Photo-Regulation of the Interaction between Ras and Ralgds using GTP Analogues Composed of Photochromic Molecules

Abstract

Small GTPases of the Ras family have significant roles of signal transduction in eukaryotic cells. The G-proteins transmit the signals from a number of receptors to a variety of effectors. RalGDS is a guanine nucleotide dissociation stimulator for Ral, which is a member of the Ras GTPase superfamily that regulates cellular proliferation, differentiation and transformation by mediating multiple signal transduction pathways. RalGDS can specifically promote the conversion from an inactive GDP-bound state to an active GTP-bound state for Ral. Previously we have demonstrated that the GTPase activity of K-Ras modified with thiol reactive azobenzene derivatives at the functional sites were photo-reversibly controlled upon ultraviolet and visible light irradiation. Aim of this study is to control the interaction of Ras with RalDGS photo-reversibly using photochromic molecules.

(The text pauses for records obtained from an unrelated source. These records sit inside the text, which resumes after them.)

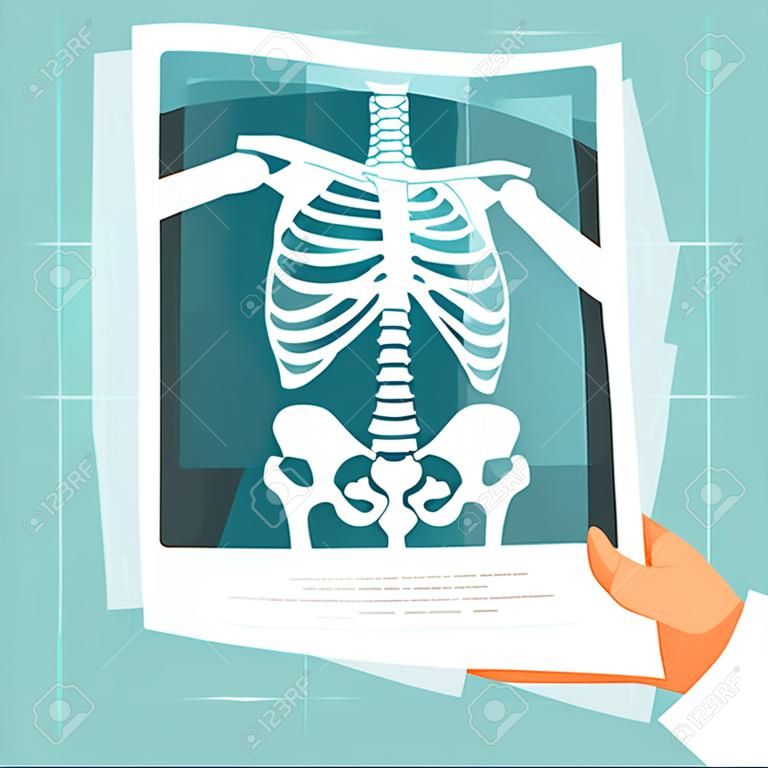 X ray medical roentgen human body skeleton diagnostic image in male doctor hand vector flat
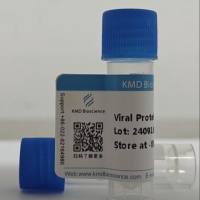 Recombinant SARS-CoV-2/COVID-19 RBD Protein (E484K)，His Tag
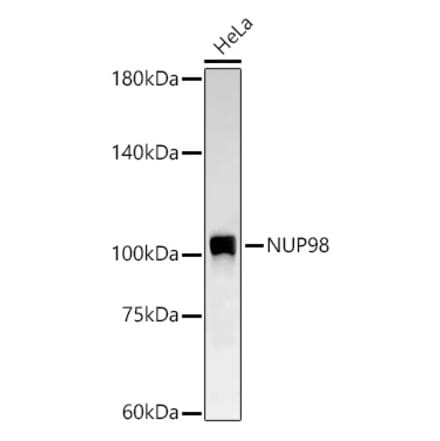 Western Blot - Anti-NUP98 Antibody [ARC58955] (A309431) - Antibodies.com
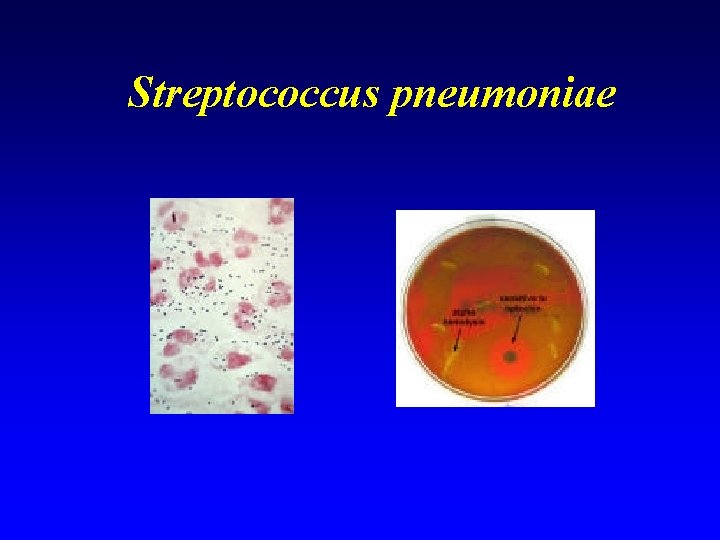 Streptococcus pneumoniae 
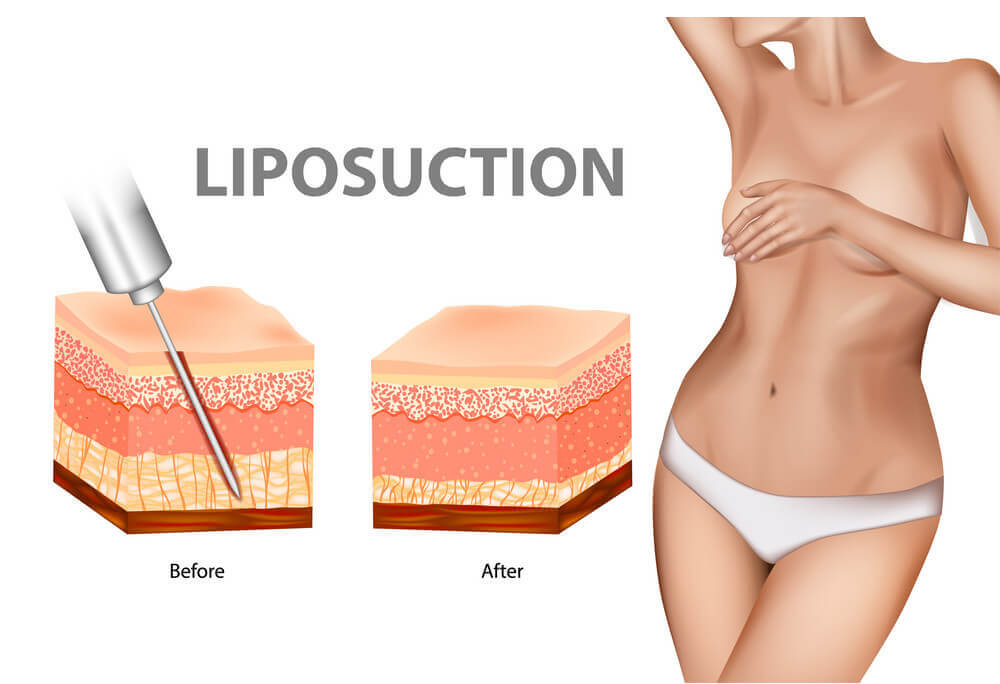 Liposuction ile yağ aldırma süreci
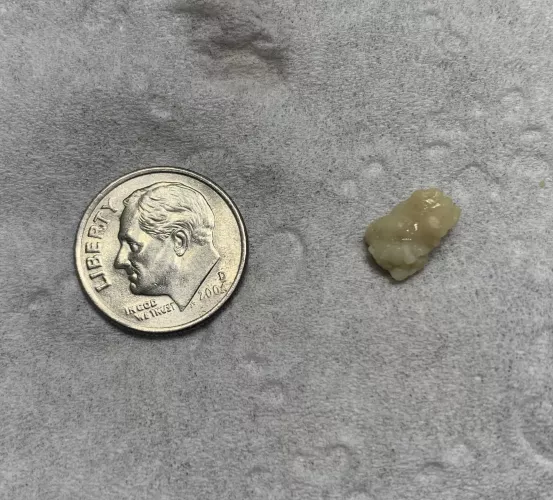 Huge tonsil stone I removed from my throat (from COVID-19)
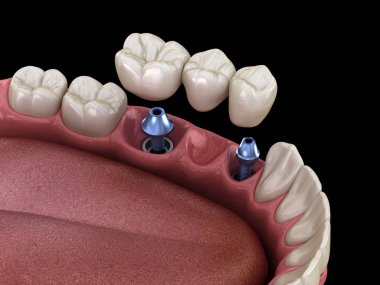 Diş köprüsü implantlarla destekleniyor. İnsan dişleri ve protez kavramının tıbben doğru üç boyutlu çizimi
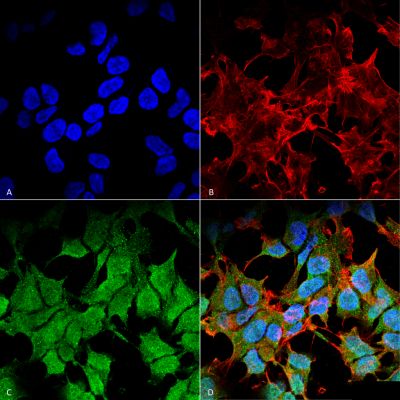 Immunocytochemistry/ Immunofluorescence - Anti-Kir6.1/KCNJ8 antibody [S366-60] (AB241996)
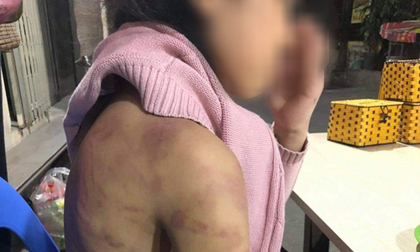 Vụ bạo hành dã man bé gái 12 tuổi: Bị 'người tình' của mẹ xâm hại tình dục nhiều lần?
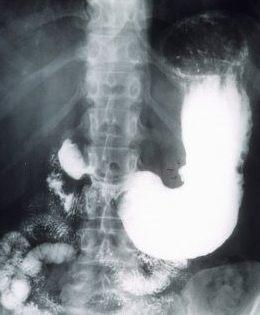 Прямые и косвенные рентгенологические признаки язвы желудка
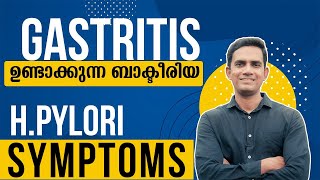 Hpylori symptoms I Dr Sijil K S [upl. by Kerrin]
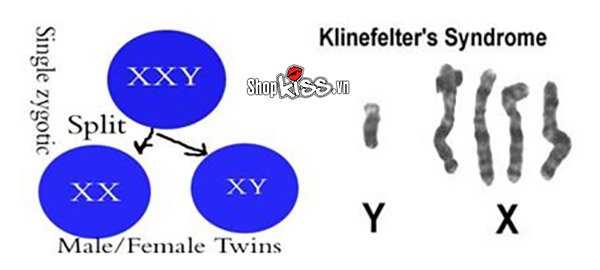 Hội chứng klinefelter là như thế nào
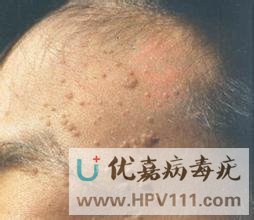 怎樣科學(xué)預(yù)防扁平疣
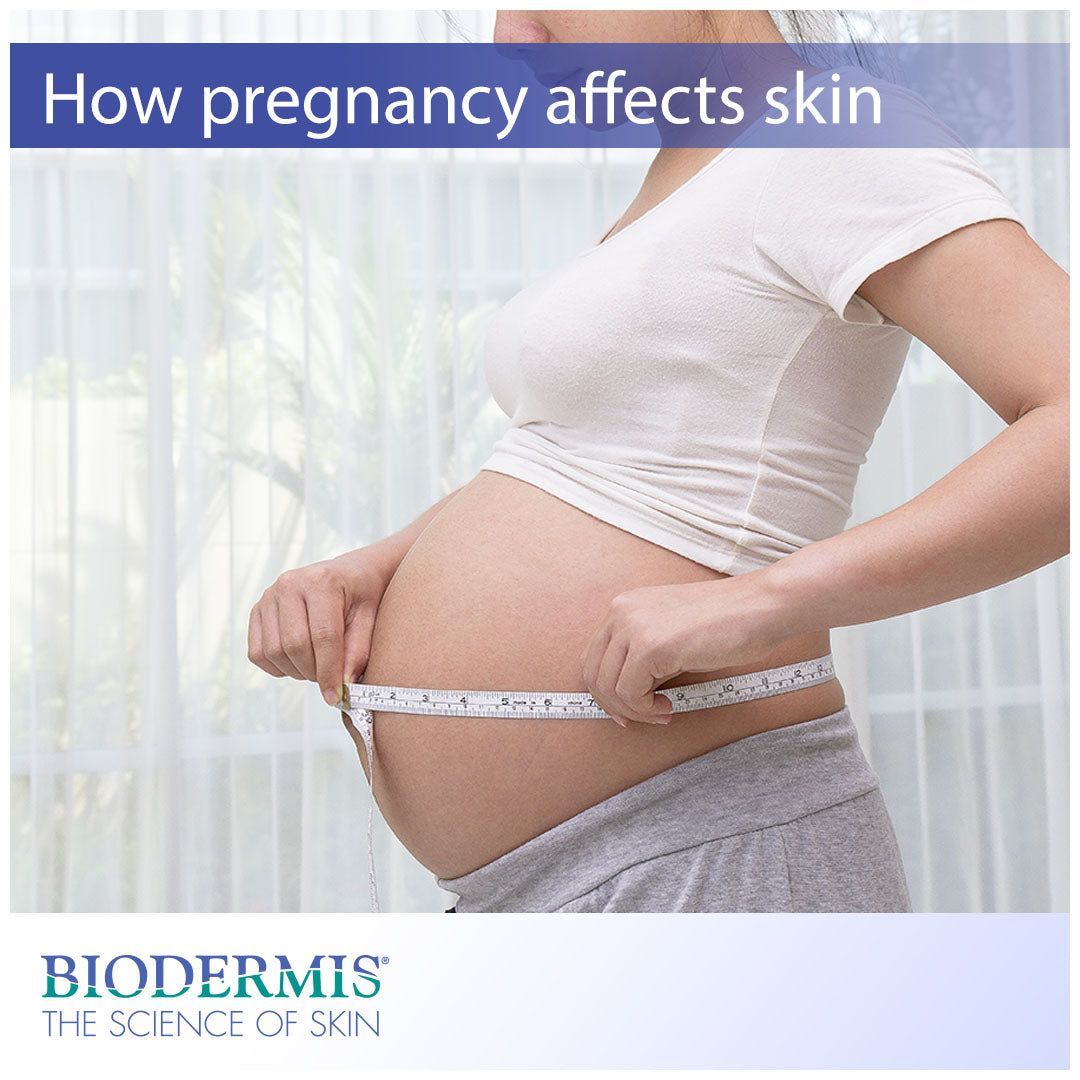 The Different Ways Pregnancy Can Change Your Skin |  Biodermis.com Biodermis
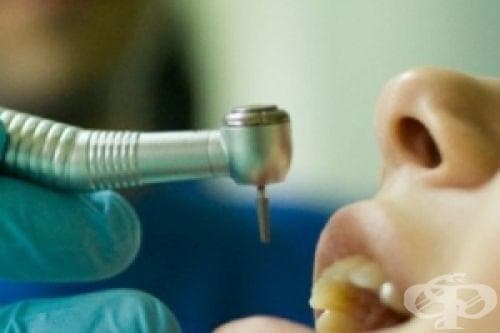 Българският зъболекарски съюз предлага да бъде извършено безплатно зъбно протезиране на пенсионерите - изображение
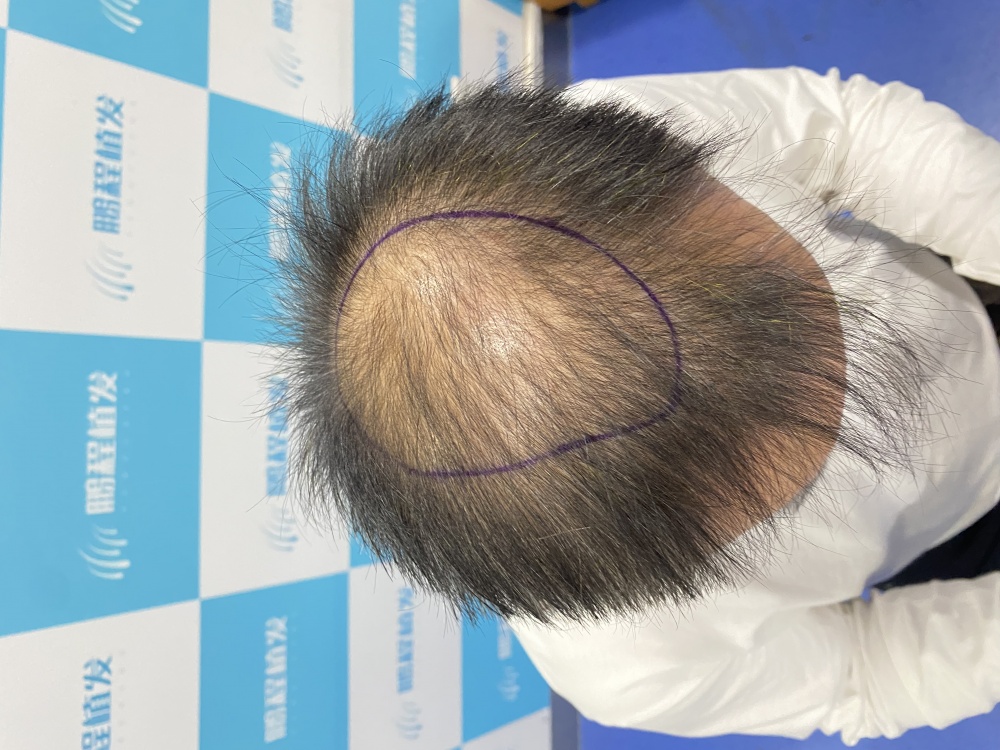 头顶稀疏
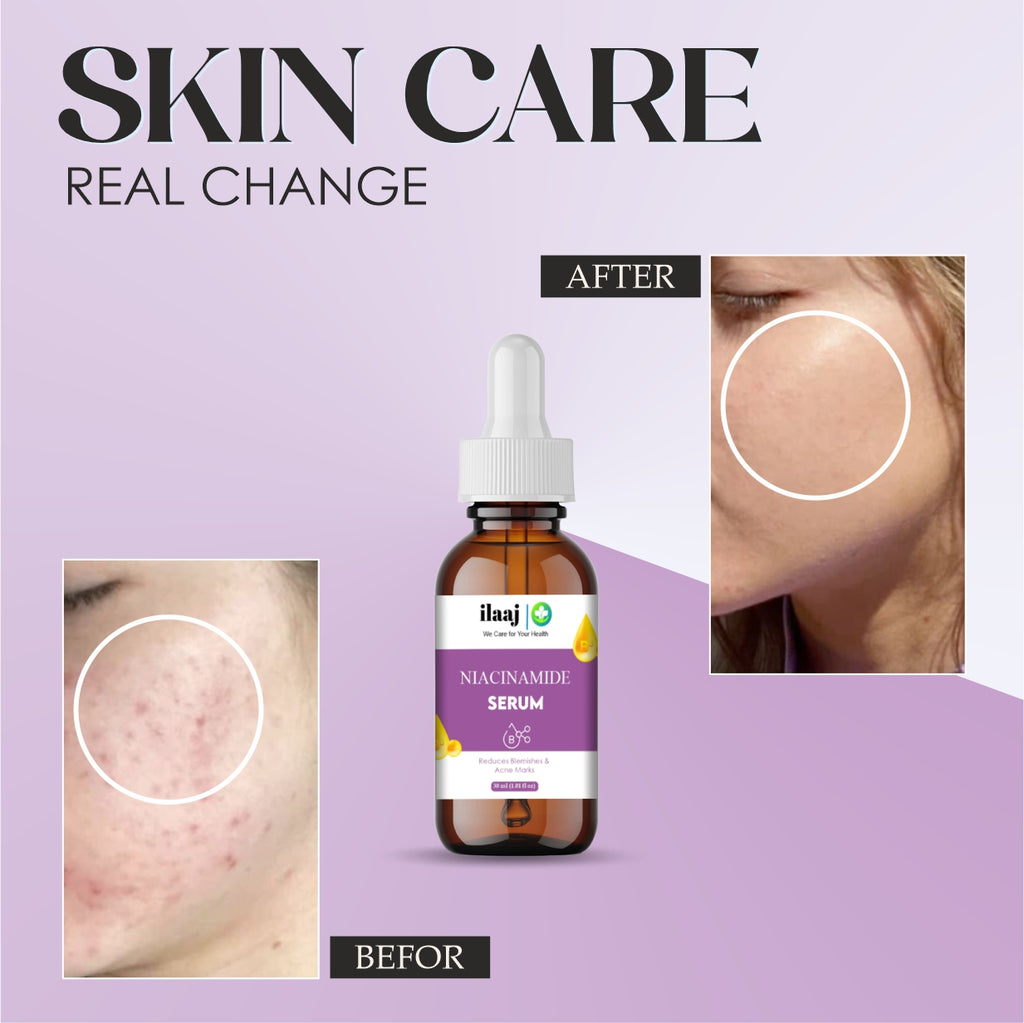 Ilaaj Niacinamide Face Serum, 5% Niacinamide + 2% Alpha Arbutin, For Pigmentation and Acne Marks, 30 ml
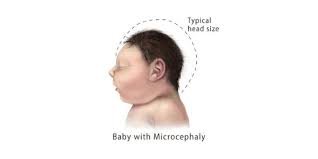 facts about microcephaly cdc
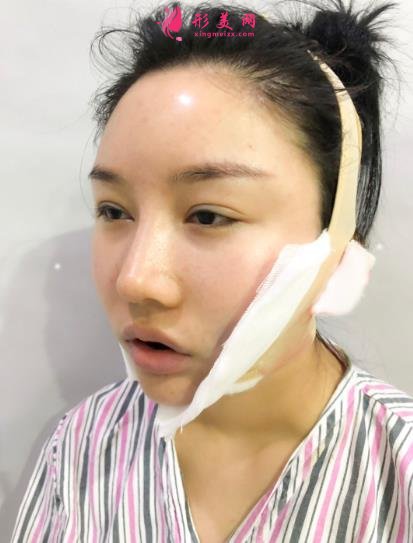 成都排名第一的整容醫(yī)院是誰？對比華西口腔李繼華磨骨案例怎么樣？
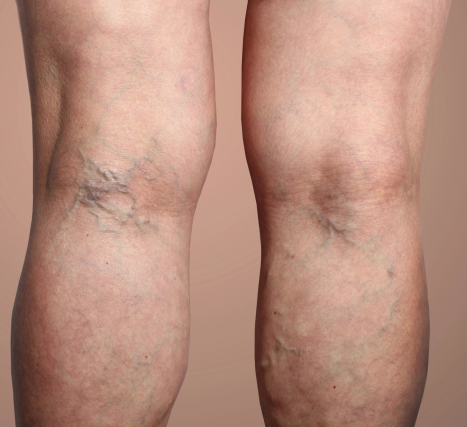 6 Foods That May Help Prevent Varicose Veins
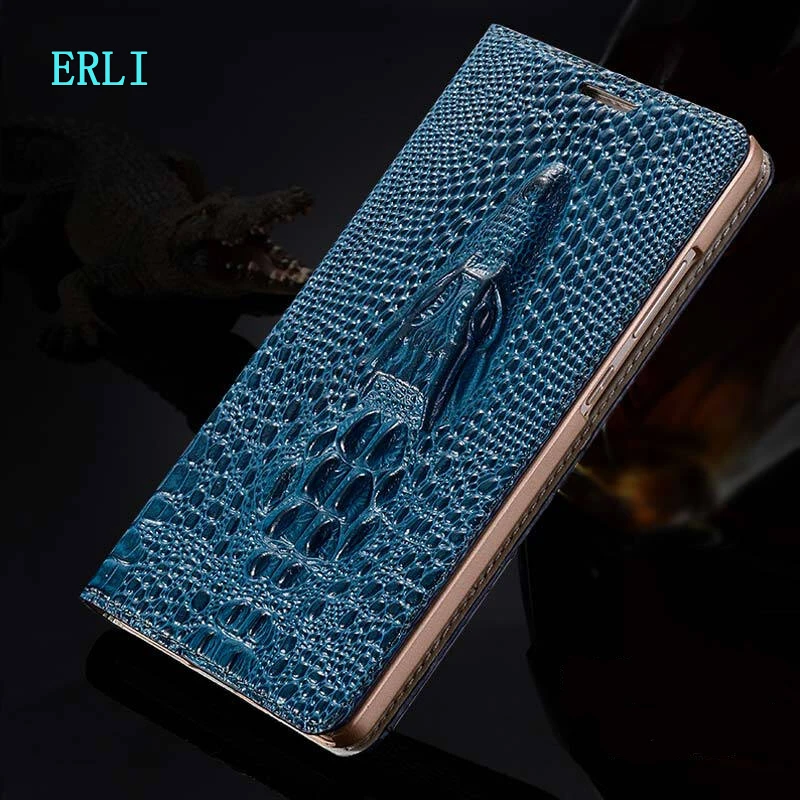 

Luxury Flip Genuine Leather Case For Nokia 3 5 6 TA-1054 TA-1000/3 7 Plus TA-1062 X5 X6 X7 2018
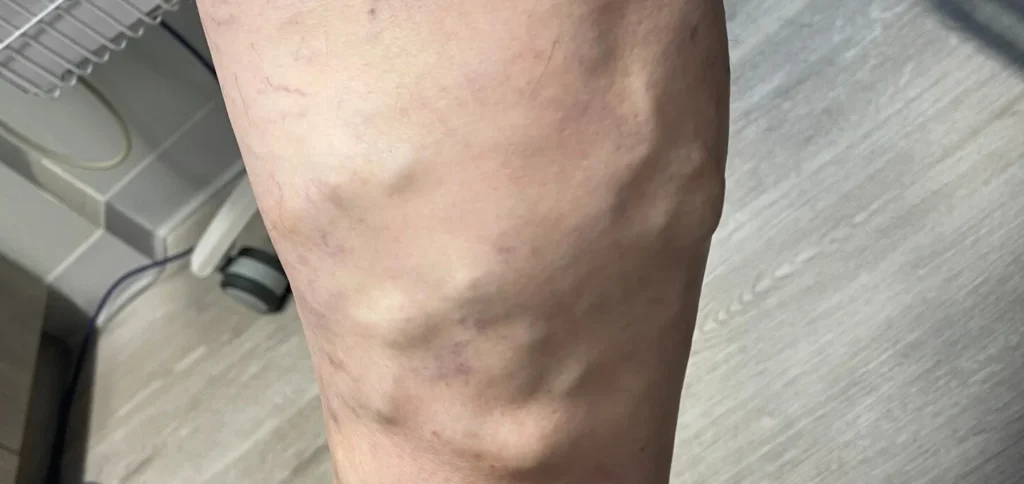Is Phlebitis a Blood Clot? Superficial Phlebitis vs. DVT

Recently we found that a fluorescent GTP analogue, 2′(3′)-O-[6-(N-(7- nitrobenz-2- oxa-1,3-diazol-4-yl)amino)hexanoic]-GTP (NBD-GTP) which has a fluorescent probe at 2’ or 3’ position of ribose induced binding of Ras to RalGDS more significantly than regular GTP. NBD-GDP did not induce binding of Ras to RalGDS. The fluorophore NBD might affect as an enhancer of the interaction between Ras and RalGDS. In this study, we synthesized novel photo-responsive GTP analogues that have photochromic molecules at 2’ or 3’ position of ribose, 2′(3′) -O-Azobenzene-EDA-GTP (AB-EDA-GTP), 2′(3′) -O-Spiropyran-EDA-GTP (SP-EDA-GTP). Trans-isomer of AB-EDA-GTP induced more significant binding of Ras to RalGDS than Cis-isomer. On the other hand, SP-EDA-GTP did not show the significant difference between the spiro and merocyanine isomers.